Desire Untamed, Pamela Palmer: While I looovveeee ALL of Pamela’s Feral Warriors series, I love this one the best. It’s the first time I’d ever seen my first name (or part of it actually) as a heroine’s name.  When I was growing up it was the one name that was never anywhere so it was awesome to see if finally hitting a book (it hit television in 1985, on The Cosby Show, lol) That fact aside, Pamela creates a fascinating storyline that holds the reader and drags them deeper and deeper at a breakneck pace so there’s no turning back.  The extremely interesting thing about this series is that Ms. Palmer created the entire thing from nothing. She did no research at all – I know this because I asked her. LOL To know that a writer can create an entire civilization and races of paranormal beings with no assistance at all makes the book even more engrossing, jmo.  (Me? I’d have to do research, I know nothing at all about fairies and elementals and six foot eight inch tall barrel-chested shape-shifters!!)

And last, but not least, we have a rather unusual book…I’ve checked out other winners of this award and, for the most part, they’ve listed classics, romance novels and kids’ books. This is the first of its type I’ve seen but that’s okay, there are other mystery/suspense writers out there who can definitely benefit from Katherine Ramsland’s The Human Predator.  Dr. Ramsland presents us with a vivid and fascinating history of serial crime and the development of forensic capabilities over the same span of time.  It’s the definite go-to book for anyone wanting to present appropriate crime history in their books. Bear in mind it’s not exactly bedtime reading but it’s captivating and thought-provoking nonetheless.

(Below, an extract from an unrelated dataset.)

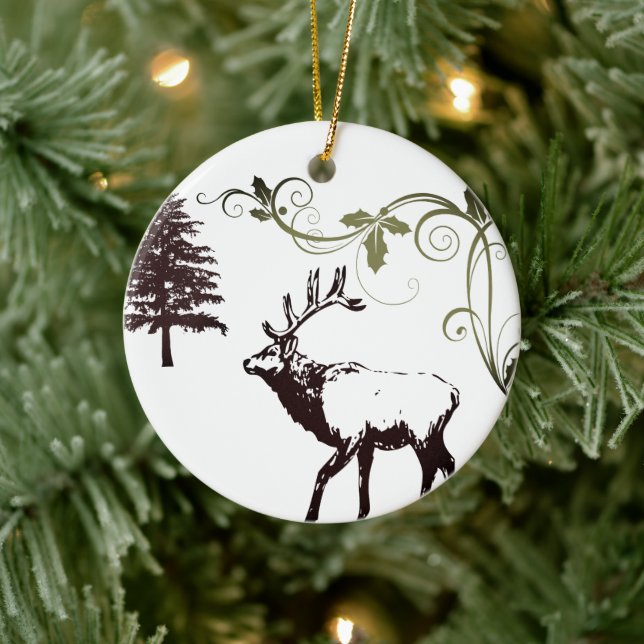 Personalised Winter Wonder Land Elk Christmas Ceramic Ornament (Tree)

In conclusion, for this blog I had to limit myself to five. Personally? And I suggest this for everybody – have a favorite book in every genre there is!! Heck, have more than one! Have two or three!! You’ll be well read, well rounded and well educated, all the way around!!
 
 
Thanks for checking out my favorite books! I've passed the Booker Award on to the Lovely Larissa Reinhart, the Awesome Avery Flynn and the Spectacular Shannon Grey! What are some of your favorite books? 
 

4 comments:

  1. Good choices, Mia! It was really hard to only choose 5, wasn't it? I cheated and listed 2 runner-up stories, one of which was a different Dickens story.

    ReplyDelete
  2. Thanks Mia! Great choices. I'm going to have a really hard time narrowing it down to 5 though! I might have to pick a genre...

    ReplyDelete
  3. Alexa it was SO tough to pare this list down!! I think I should have done what Larissa suggested, picked a genre and then picked five from that!!

    ReplyDelete
  4. I almost put The Stand on my list. Great book. Definitely my favorite Stephen King (followed closely by It). Nice list!